We found ourselves back out at the mall today after lunch. While we were there, I bought a rockin' new shirt on clearance at Express (I didn't even know they had men's clothing!!) and went back out to Claire's where I again pondered whether or not I should get my ear pierced. Heidi was with me this time, lending moral support and coaching. However, she quickly grew tired of my waffling and told me that I had to decide what I wanted to do and go from there. I was having a hard time finding to put in the ear that I felt would be subtle yet shake things up. Also, I wanted it not to be too "girly" and that was proving to be a tall order at Claire's, considering that their primary client base are girls under the age of 15.
I walked out without my ear pierced, and I found myself actually bummed out about it because I was really going to go through with it.
I took Anna and Heidi home and took my truck out and drove down to Campustown. When I was in college at Iowa State, Campustown was so different from how it is today. There were a lot of restaurants, record/CD shops, florists, etc. lining Welch Avenue and the surrounding streets. The neighborhood has declined some - partially due to the closing of the Towers residence halls which were at the opposite end of Welch Avenue as campus. The loss of foot traffic between campus and those dorms resulted in the closing of the McDonald's and a lot of other fast food type businesses. So now, it's pretty much all bars and tattoo/piercing places. OK, a bit of an overstatement as there are still some nice shops and coffee shops and restaurants, but that's really the vibe you get when you walk down there now.
I had looked up a couple of the piercing places in Campustown just to get a feel for the place by their web sites. I didn't know how it would look for a thirtysomething guy to come in there and ask for a piercing. But there I go again, worrying about appearances. I had settled on one, only to show up there and be told that they could do it in a couple hours! Well, in that time, I could completely talk myself out of it, so I walked a little bit further and came to a place very fittingly called The Asylum. I did feel a bit like I belonged in one for wanting to do this but in I walked. I talked to the lady at the desk and she helped me pick out some ear jewelry, had me sign the paperwork and pay my 20 bucks.

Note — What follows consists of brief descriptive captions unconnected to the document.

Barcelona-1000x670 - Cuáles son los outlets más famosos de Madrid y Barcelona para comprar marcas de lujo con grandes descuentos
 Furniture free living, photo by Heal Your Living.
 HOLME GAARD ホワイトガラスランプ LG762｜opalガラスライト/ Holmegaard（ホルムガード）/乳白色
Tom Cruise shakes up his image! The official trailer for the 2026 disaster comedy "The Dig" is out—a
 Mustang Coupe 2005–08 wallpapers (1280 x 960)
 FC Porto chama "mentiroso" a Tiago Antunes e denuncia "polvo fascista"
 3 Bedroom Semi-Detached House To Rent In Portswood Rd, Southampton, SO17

I had to wait just a bit - nowhere near the two hours that the other place was going to have me wait - but in that little bit of time, I went from one end of the spectrum to the other as to how I felt about it. One second, I was ready to walk out, even though they already had my twenty bucks, the next, I had decided that I would look exceptionally good with it. I also decided that I would look at least no more ludicrous than those guys that I see everywhere wearing PHONES on their ears a la Doctor Who.
The guy who was to do my piercing came out and asked where "the lip pierce" was. OK, so there was someone ahead of me, no problem. Until the lady at the counter pointed at me. Me, lip piercing?? No, sorry, that's next week. Fortunately, they were pretty adaptable and the guy who was going to pierce my ear told me that the earlobe was the easiest, quickest piercing of them all. He was great - very much someone you would expect to be working in a place like that, complete wih the large round hoops IN the cartilage of the ear itself, exaggerating the hole to almost comical effect. Seriously, I had seen pictures in National Geographic of what this guy had in his ears. But he was very cool and walked me through it and when I told him how it was something that I always wanted to do, even though I didn't know I did, and thought "well, it's never too late" he was in complete agreement.
That was when he took the NEEDLE out of the sterile wrap. What, no piercing gun? An actual needle? Dear God, what have I signed up for?
He told me it would sting a bit, not much. All I could think of was how I had a NEEDLE going through my ear. And by the time I thought about it, it was over. And I was all outfitted and he was explaining after care to me. Fortunately, Heidi has had some experience with pierced ears so she can help.
Ultimately, I think it was something I needed to do on my own. And a decision that I needed to wrestle with a bit. I think that although I am sure to get grief for it on Monday, the me with the pierced ear is actually more authentically me than the image most people have of me. While I am the nice guy, suburban Dad with a young daughter and beautiful wife, I am also Dan that desperately wants to live on the edge and shake things up and be braver. I'm the guy with a blog and a lot more on my mind than just pharmacy.
So here I am. Bear in mind, this was taken with the MacBook so it's the mirror image of me. It's my left ear that has been altered, not the right (even though that's how it looks in the picture.)
I think this might have to be my new avatar. It's not a bad picture of me if I do say so myself.